> Task instructions: Starting at the line that contains "Scena nad rzeką", output each line exactly as written through the end of the listing below, but leave out the pictures.

> Stored data:
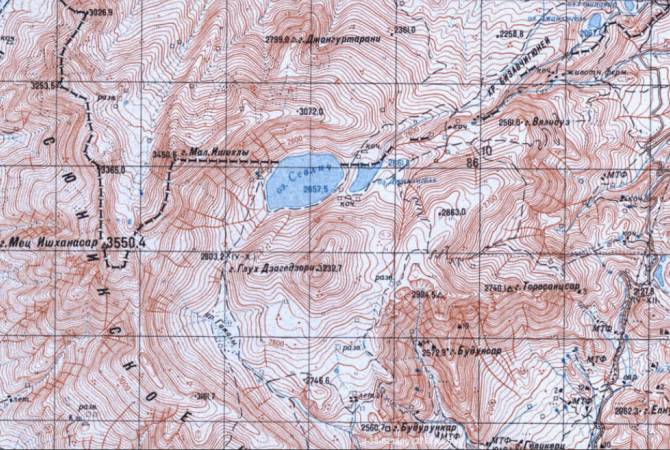 ԽՍՀՄ ԶՈՒ ԳՇ քարտեզը փաստում է՝ Սև լճի արևմտյան, հարավային և արևելյան ափեզրերի պատկանելությունը ՀՀ-ին աներկբա է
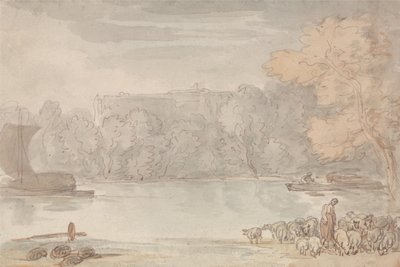 Scena nad rzeką (Tamiza w Eton) autorstwa Thomas Rowlandson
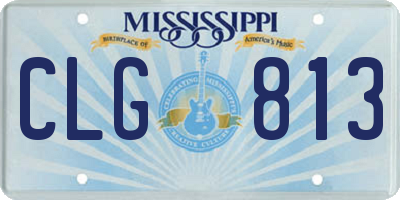 MS license plate CLG813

> Exercise solution:
 Scena nad rzeką (Tamiza w Eton) autorstwa Thomas Rowlandson
 MS license plate CLG813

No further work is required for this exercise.